WORK REQUEST:
Only the lines below starting at the one that contains "AND1 Camiseta rosa / rojo carmesí / blanco" and ending at the one that contains "Local guide leading" are to be reproduced, exactly and with both ends kept.

(Recorded data)
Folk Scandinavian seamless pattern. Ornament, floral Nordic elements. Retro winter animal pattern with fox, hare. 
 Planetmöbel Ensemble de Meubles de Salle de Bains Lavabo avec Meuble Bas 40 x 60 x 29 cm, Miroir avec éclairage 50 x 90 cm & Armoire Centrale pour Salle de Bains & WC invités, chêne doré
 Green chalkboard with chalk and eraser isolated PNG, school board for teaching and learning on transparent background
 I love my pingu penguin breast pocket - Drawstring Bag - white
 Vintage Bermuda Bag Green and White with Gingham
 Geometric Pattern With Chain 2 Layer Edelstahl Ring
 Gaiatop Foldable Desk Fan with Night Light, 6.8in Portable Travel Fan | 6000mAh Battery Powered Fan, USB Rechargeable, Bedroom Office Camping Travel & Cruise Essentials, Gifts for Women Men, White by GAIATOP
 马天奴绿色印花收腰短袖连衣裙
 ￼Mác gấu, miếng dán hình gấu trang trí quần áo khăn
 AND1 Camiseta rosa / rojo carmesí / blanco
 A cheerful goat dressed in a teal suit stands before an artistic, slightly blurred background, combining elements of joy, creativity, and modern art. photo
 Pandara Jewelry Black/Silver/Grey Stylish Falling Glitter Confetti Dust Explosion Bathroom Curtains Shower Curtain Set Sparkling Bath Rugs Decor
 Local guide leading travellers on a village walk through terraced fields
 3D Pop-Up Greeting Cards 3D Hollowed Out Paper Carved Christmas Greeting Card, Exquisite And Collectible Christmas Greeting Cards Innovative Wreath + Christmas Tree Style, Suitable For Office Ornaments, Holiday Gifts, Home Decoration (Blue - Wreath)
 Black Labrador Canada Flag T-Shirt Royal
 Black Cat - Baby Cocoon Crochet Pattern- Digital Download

RESPONSE TO THIS EXERCISE:
 AND1 Camiseta rosa / rojo carmesí / blanco
 A cheerful goat dressed in a teal suit stands before an artistic, slightly blurred background, combining elements of joy, creativity, and modern art. photo
 Pandara Jewelry Black/Silver/Grey Stylish Falling Glitter Confetti Dust Explosion Bathroom Curtains Shower Curtain Set Sparkling Bath Rugs Decor
 Local guide leading travellers on a village walk through terraced fields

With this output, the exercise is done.